Figure 1 Figure 1. World Digital Library.

4. Optimize document loading

Presenting large page images, especially at higher resolutions, makes it difficult for users to quickly leaf through a document. Two common approaches are to allow users to download the high-resolution images one at a time, or have them download the entire document encapsulated within a container format like PDF. For ultra-high resolution documents, however, this download may involve hundreds of megabytes, and the user must wait until the entire document is downloaded before viewing it.

The Google Books and Internet Archives interfaces use optimization techniques that load page images only on demand. As a user scrolls through the document, the browser sends an asynchronous HTTP request (“Ajax”) to the server to deliver the images for the pages that the user is currently viewing. This can be further optimized for images at very high resolutions by borrowing a technique from mapping sites where high-resolution satellite photos are broken into smaller tiles, which may then be served to the user in parallel.

5. Present item and metadata simultaneously

While not part of the document viewer itself, the ability to view the item and its catalogue metadata simultaneously is a highly desirable feature. This requirement takes on a more significant role when integrating the viewer into a larger context, and points to the need for a document viewing system that can be easily integrated into existing digital library environments, including an integrated set of controls or callbacks for manipulating page zooming and scrolling.

Existing implementations

Although we compiled our list of functional requirements by examining features from existing implementations, we could find no single existing implementation where all features were present. As part of our survey, we examined some standalone document viewing frameworks, including Zoomify [7], the IIPMooViewer (and variants) [8], and the Seadragon Ajax viewer [9]. We determined that these viewers were designed as generic high-resolution image viewers, and as such did not present a document as a complete cohesive entity. Google Books has a promising document image viewer, but it is currently not available as an open-source project.

At the time of our survey, the Internet Archive used the DjVu format and a page-turning book interface that ran in the browser as a Java applet. They have since developed a new BookReader [10] interface, currently the only other open-source implementation known to encapsulate many of our functional requirements. Their interface offers many interesting features, such as contact sheet and facing-page views. However, their implementation does not use a tiling system for downloading page content, meaning that at higher resolutions the entire page is downloaded to the browser as a single image.

Towards Diva.js

Our first implementation was written as a component to a larger ExtJS interface for managing digital images, part of an in-house image system for the Swiss RISM. It was not released publicly, but it has been adopted by a number of other projects related to the RISM.
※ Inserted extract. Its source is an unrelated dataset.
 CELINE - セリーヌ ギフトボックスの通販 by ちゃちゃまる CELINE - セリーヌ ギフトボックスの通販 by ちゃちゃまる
While the ExtJS component worked very well, it required loading the entire ExtJS library, including superfluous components, which added significantly to the loading time for pages. The decision was made to port the existing system to jQuery, a widely used JavaScript framework that is smaller and more modular in design, with faster load and execution time than ExtJS.
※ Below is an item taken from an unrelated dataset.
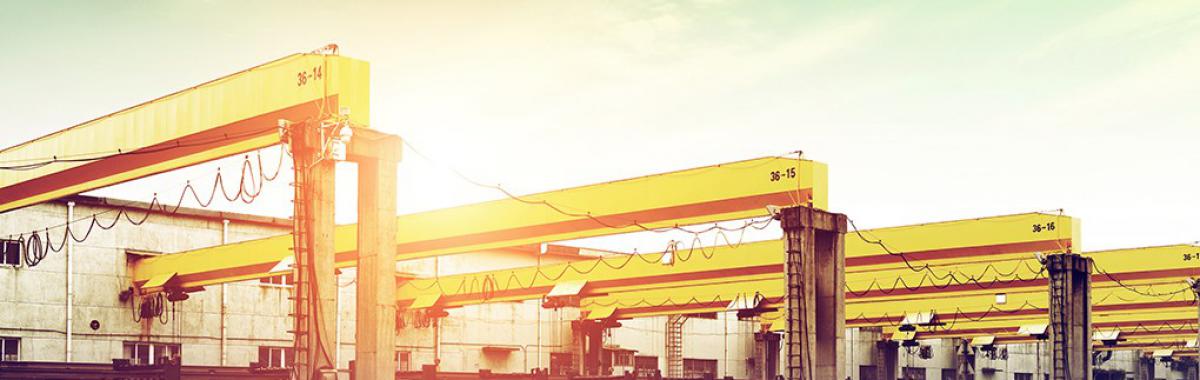 CONTRATO DE MANUTENÇÃO DE PONTES ROLANTES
Development on the jQuery plugin began in February 2011, using the same design requirements as the original ExtJS component. In the next section we describe the components of a complete Diva.js installation, including image processing, server infrastructure, and the features of the jQuery plugin.

How It Works

The most visible and unique component of this project is the JavaScript-based document viewer itself, but this must be backed by efficient server software to process and deliver multi-resolution images to the user. A brief overview of how these components fit together is given in Figure 2.

Figure 2 Figure 2. The components of the Diva.js infrastructure.

Image Processing

To switch between multiple sizes of page images, Diva uses a multi-resolution, or “pyramid” image format [Figure 3], where the original high-resolution image files are pre-processed into several sizes of smaller resolution images that are themselves sub-divided into an array of tiles of a given size. We have found tiles of 256×256 pixels work best. These images can be created by several open-source image-processing utilities. We have found that the VIPS [11] image processor is the most efficient and provides the most reliable results, but ImageMagick [12] could also be used.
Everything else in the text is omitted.